Comecei a observar esse comportamento, tendo cada vez mais consciência dele. No começo, eu percebia quando já tinha acontecido e era tarde demais, quando eu já me pegava posando no meio da rua. Mas, a cada dia, comecei a perceber um pouco mais cedo – e comecei a refletir sobre minhas experiências passadas também e o quanto as redes sociais influenciam nesse comportamento. Todo mundo tem aquele amigo que só posta foto da própria cara, por exemplo. Você não tem nada mais pra oferecer pro mundo que sua aparência ou você reprova tanto sua aparência que precisa aliviar essa insegurança recebendo likes dos outros?

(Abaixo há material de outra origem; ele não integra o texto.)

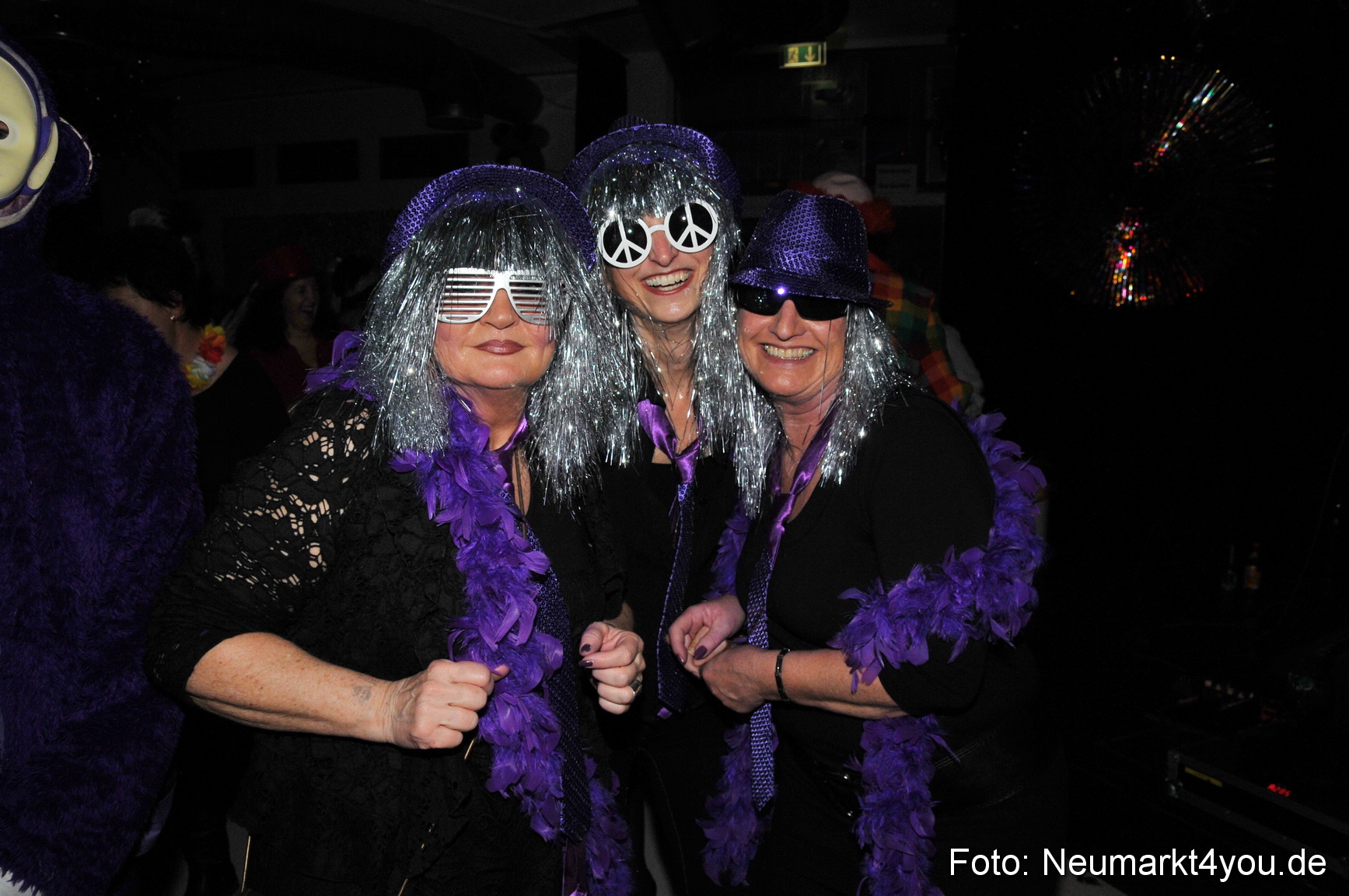 Weiberfasching Neumarkt 160212 0062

Eu sempre tive muitos problemas para aceitar meu corpo no espelho, pra achar roupas que fossem confortáveis e que cobrissem o que eu não gostava em mim, sempre só queria ficar no meu quarto pra evitar ser olhado e pagar mico na rua era meu maior medo. Por outro lado, tive amigos legais e companheiros e aventuras amorosas muito interessantes também. Mas no final, o que me marcava de tudo, era o quanto as pessoas mencionavam meu intelecto.
Parece maluco isso, mas “você é engraçado, você é inteligente, você escreve bem” não me pareciam elogios verdadeiros nunca, sempre pareciam apaziguadores: eu não só não me achava tão inteligente assim, como achava que falavam que eu era inteligente pois não tinham o que mais elogiar em mim. Como se, por eu ser feio, sobrava a inteligência pra ser elogiada, algo que no final das contas é tão subjetivo quanto beleza mas que não é visual, afinal. Quando você se sente mal até quando te elogiam, você entra num ciclo auto-depreciativo realmente sem fim.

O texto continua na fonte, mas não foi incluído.